Since lncRNA targets may consist of more than one target, they can influence gene expression in many biological processes [34]. In our study, some differences between S. mansoni and S. haematobium biological processes, molecular functions, and cellular compartments were found. A large number of target genes associated with the metabolic process have been identified in both S. mansoni and S. haematobium. On the other hand, while genes related to biological regulation were determined in large numbers in S. mansoni, genes related to protein metabolic function were found in large numbers in S. haematobium. In the study of Oliveira et al. [26], it was stated that most of the lncRNAs identified in S. mansoni were related to metabolism. As indicated before, these species were located in different tissues because their gene expression is regulated by different lncRNAs. Besides, parasite lncRNAs can play crucial roles in a tissue-specific manner in humans. It was shown by Maciel et al. [35] that some lncRNAs in S. mansoni have a tissue-specific expression in ovaries and testis. In this study, the authors obtained valuable information on the potential role of lncRNAs in schistosome reproduction. However, lncRNAs may be involved in a specific role related to the tissue in which they are located. Also, lncRNA gene expression can vary in different developmental stages in parasites; so, it is possible for these molecules to play an active role in the early diagnosis and treatment of the schistosomiasis. Although it is largely unknown whether lncRNA levels can be regulated by drugs, some studies have shown the effect of drugs on lncRNA expression [3638]. A better understanding of lncRNAs and gene expression regulation mechanisms can help identify new therapeutic targets.

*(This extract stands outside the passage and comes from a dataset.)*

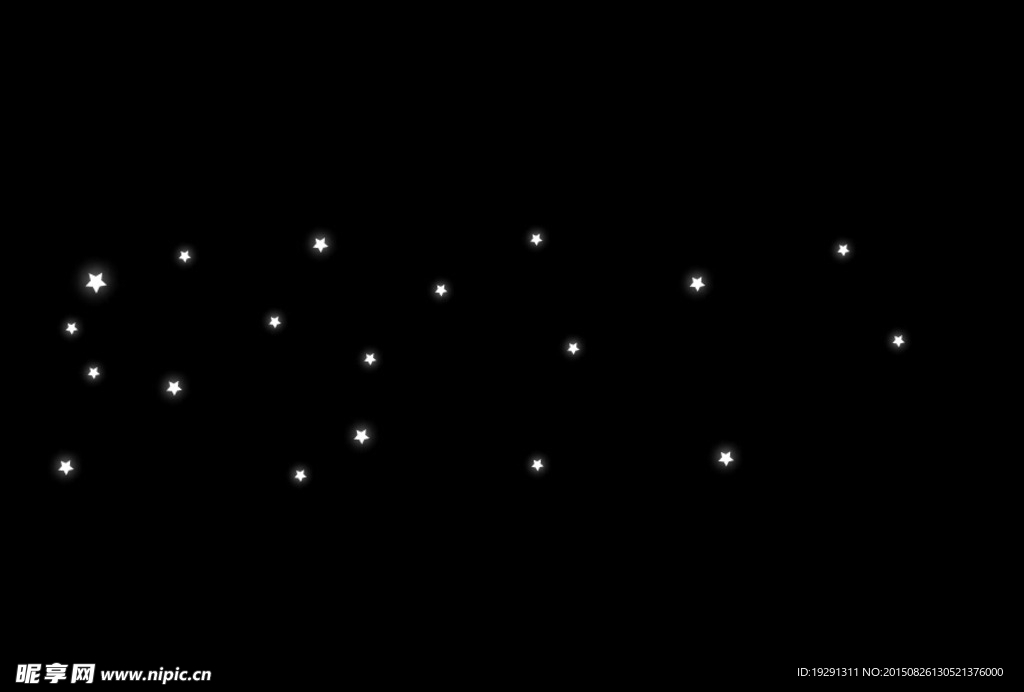 星光闪闪视频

It has been reported that lncRNAs can be species-specific or even tissue-specific and that the sequence similarity organisms may be conserved in the evolutionary process [8]. Also, it was claimed that highly conserved sequences may be related to the functionality of lncRNAs among organisms [25]. However, we could not fully perform functional annotation for lncRNAs of schistosome due to minimal functional information of known genes and the limited number of RNA-seq samples. We found that S. mansoni and S. haematobium lncRNA sequences are conserved with 7.9% of the S. haematobium lncRNAs in alignment with the S. mansoni transcriptome.

5. Conclusions

In this study, we used the S. mansoni lncRNA library, so this process may explain why we detected more lncRNAs in S. mansoni than in S. haematobium. In addition, it is thought that lncRNAs, which are commonly expressed in accordance with the resulting data, are involved in both metabolic and biological regulation functions.

Data Availability

The data used to support the findings of this study are available from the corresponding author upon request.

Conflicts of Interest

The authors declare that there are no conflicts of interest.

Authors’ Contributions

SS and TGT designed the model and the computational framework and analyzed the data. SS carried out the implementation. TGT performed the calculations. Both the authors discussed the results and contributed to the final manuscript.